Papertape winder/reader
Papertape winder/reader

Technical design of the SCRIBOPHYL

The following units can be distinguished in the drawing (numbering at the top right of each of the blocks):

  • Input (no. 1, 2, 3 en 4)
  • The code converter (no. 5, 6, 7, 8, 9, 10 and 11)
  • The electric typewriter and controller (no. 12 en 12a)
  • The system clock with control (no. 13)

The input consists of:

  1. The paper tape reader (No. 1) with a reading speed of up to 25 characters/second mechanically scanned the tape. A punched hole was placed in a register as a high signal (a ‘1’). A blank part (no punched hole) was accommodated as a low signal (a ‘0’). The papertape reader was provided with a “tape-out” contact. The SCRYBOPHYL could thus be stopped.
  2. The punch tape rinsing machine (no. 2) provided the supply and discharge of the paper tape to be read to and from the read head. The device was also equipped with a tight-band contact. This stopped the SCRYBOPHYL when the punched tape feed failed.
  3. Control of the paper tape reader (No. 3).
    The transport speed of the reader was determined by the maximum speed of the electric typewriter (10 characters/s). The controller for the reader gave 10 pulses/s when reading 5-bit punched tapes and 20 pulses/s when reading 10-bit (Baudot-code) punched tapes. In the case of paper tapes in Baudot code, the other character was read (in the register). The code card in use (number 7 in the diagram) sets the speed of 10 or 20 pulses/s. Also driven by the code card, the system clock with its control (number 13) provided the impulses to control the paper tape reader.
  4. The read register (nr. 4):
    The system clock with control wrote the read characters in the read register. For the Baudot code, only the characters of the selected channel were read. The read register and the shift memory jointly set the relay tree (number 5).

The code converter consists of:

  1. Relay tree (No. 5): The relay tree converted the 6-bit information for a connection from the typewriter controller (No. 12a) to one of its outputs. With that, an impulse appeared, generated by the typewriter control at this output.
  2. Selector switches (No. 6) that connect the outputs of the relay tree to the inputs of the selected code card (one of the four slots). The code card selection was done with one of the push buttons on the right side of the control panel.
  3. Code cards (nr. 7):
    • The code card connected the relay tree outputs to the write coils of the typewriter. The connections on the code card were made in such a way that the correct letter or number was printed on paper.
    • The code card has a fixed program setting, which determines the type of code to be processed. The following program settings could be included on a code card:
      • Baudot code / no Baudot code. After choosing the Baudot code, the paper tape reader read at an increased speed of 20 characters/s. One channel was then read. The corresponding codes for letters and numbers resulted in the output of a space.
      • Latin / Russian. In the “CRYPTO” position, wagon functions in the Latin telex code were converted to Russian characters. The carriage functions and the “five work” of the Russian alphabet were in turn replaced by Latin characters.
      • ST35 code / no ST35 code. With an ST35 code, a mark was made when switching from Latin to Russian alphabet and vice versa.
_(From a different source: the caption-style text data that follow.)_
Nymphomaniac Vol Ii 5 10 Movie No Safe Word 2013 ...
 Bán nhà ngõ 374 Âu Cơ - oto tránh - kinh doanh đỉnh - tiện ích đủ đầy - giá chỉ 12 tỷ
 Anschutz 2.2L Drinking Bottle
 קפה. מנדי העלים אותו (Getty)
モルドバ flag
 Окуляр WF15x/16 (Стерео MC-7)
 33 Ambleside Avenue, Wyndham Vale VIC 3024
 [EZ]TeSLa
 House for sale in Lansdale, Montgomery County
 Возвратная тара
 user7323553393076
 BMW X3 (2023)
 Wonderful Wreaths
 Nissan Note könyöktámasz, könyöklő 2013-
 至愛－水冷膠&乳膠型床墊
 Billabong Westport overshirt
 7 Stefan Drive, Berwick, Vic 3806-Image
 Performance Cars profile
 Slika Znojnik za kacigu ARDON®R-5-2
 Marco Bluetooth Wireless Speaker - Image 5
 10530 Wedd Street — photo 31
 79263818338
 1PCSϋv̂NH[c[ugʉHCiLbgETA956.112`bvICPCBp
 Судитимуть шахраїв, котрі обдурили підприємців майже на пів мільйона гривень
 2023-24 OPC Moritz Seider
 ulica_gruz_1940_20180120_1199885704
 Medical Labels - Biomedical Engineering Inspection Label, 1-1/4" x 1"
      In the attached table the numbers of the outputs on the code cards indicate which letter, number or car function they belong to.

      The letter, number or carriage function of each of the 52 outputs on the code cards
      The letter, number or carriage function of each of the 52 outputs on the code cards
    • Shift memory + control (No. 8).
      The electric typewriter was not equipped to be placed on the letter command in the numeric shift. For the letter shift, the shift coil of the typewriter was continuously energized. When the shift coil was not energized, the typewriter was in the digit shift position. A memory element was required to set the shift. This shift memory was controlled by the “Ready / Crypto” switch positions on the control panel. The shift memory set the 6th bit for the relay tree and thus controlled the shift position of the typewriter.
    • Crypto / ready switching (No. 9).
      The SCRIBOPHYL in “Crypto” mode was used for encrypted messages without a car feature. The others were writing in the “Ready” position. In “Crypto” mode, the electronic circuit switched the typewriter to “Letters” and replaced the carriage functions with letters. The circuit also took care of the layout of these written letters.
    • Baudot double function (no. 10).
      In Baudot code, the code combination for numbers and letters corresponds to that of the space. The Baudot double function circuit ensured that the function letters/digits and the function space were sent to the typewriter as a blank command.
    • CT / ST35 marking (No. 11).
      In the ST35 (CT35) coding, two code combinations for the transition to characters were used. One in Latin and one in the Russian alphabet. If, when typing the typewriter on the control panel, a light was on, the type of alphabet used did not match that of the code card. By pressing the “CT / ST35” button, once a different alphabet (another code card) was chosen, a letter was printed on the paper as recognition of the transition to the other alphabet.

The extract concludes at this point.